Output all of the data below without changing a word, and exclude the pictures.
# # # #
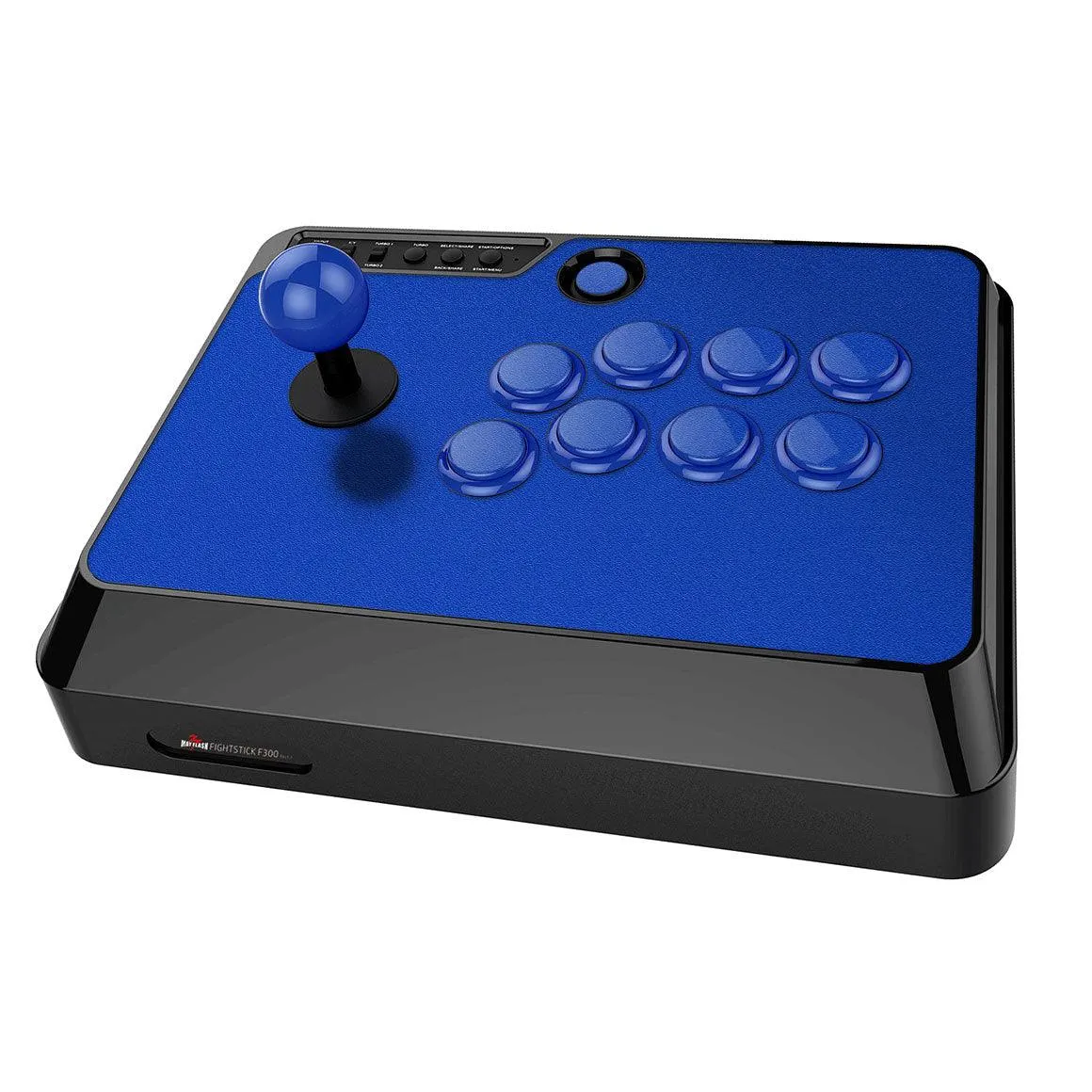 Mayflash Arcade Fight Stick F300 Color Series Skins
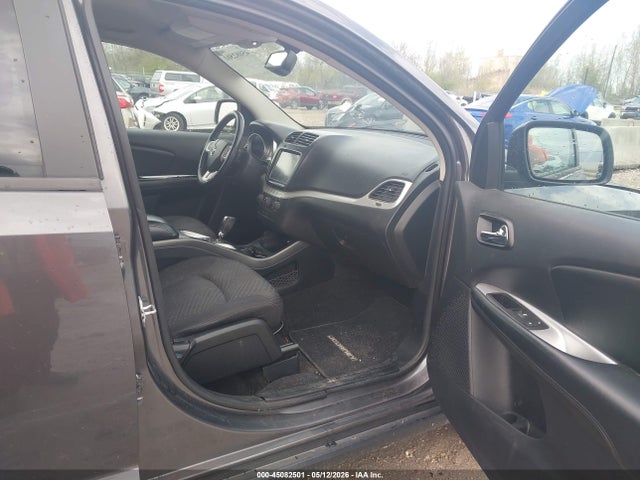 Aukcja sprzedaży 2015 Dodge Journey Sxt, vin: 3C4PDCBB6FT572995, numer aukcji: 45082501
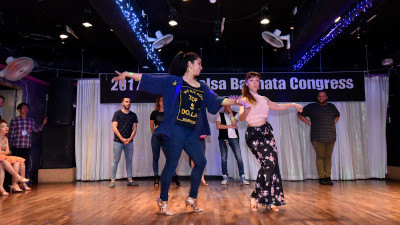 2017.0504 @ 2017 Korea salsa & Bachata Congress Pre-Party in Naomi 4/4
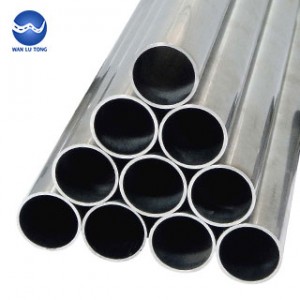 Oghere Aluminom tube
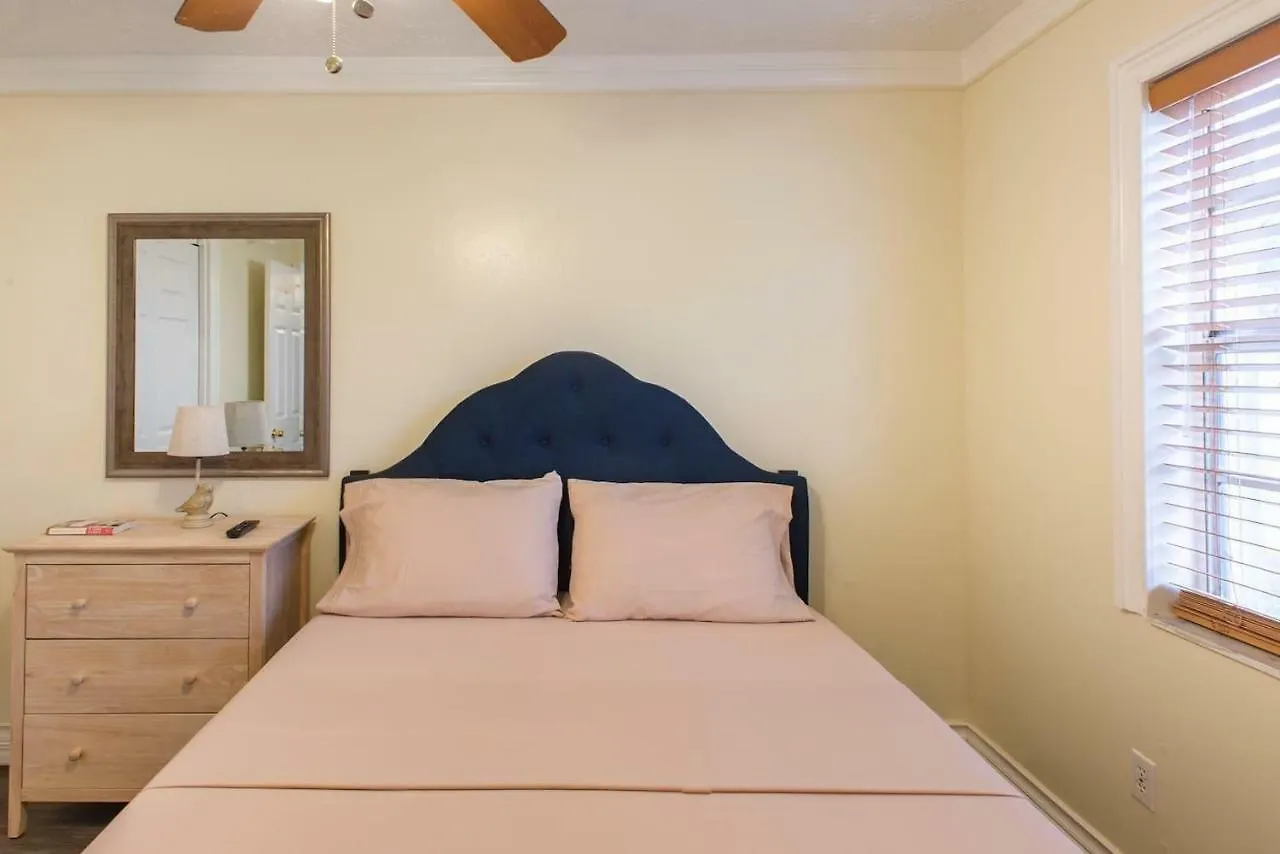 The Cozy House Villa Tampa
# # # #
Result for this task ->
 Mayflash Arcade Fight Stick F300 Color Series Skins
 Aukcja sprzedaży 2015 Dodge Journey Sxt, vin: 3C4PDCBB6FT572995, numer aukcji: 45082501
 2017.0504 @ 2017 Korea salsa & Bachata Congress Pre-Party in Naomi 4/4
 Oghere Aluminom tube
 The Cozy House Villa Tampa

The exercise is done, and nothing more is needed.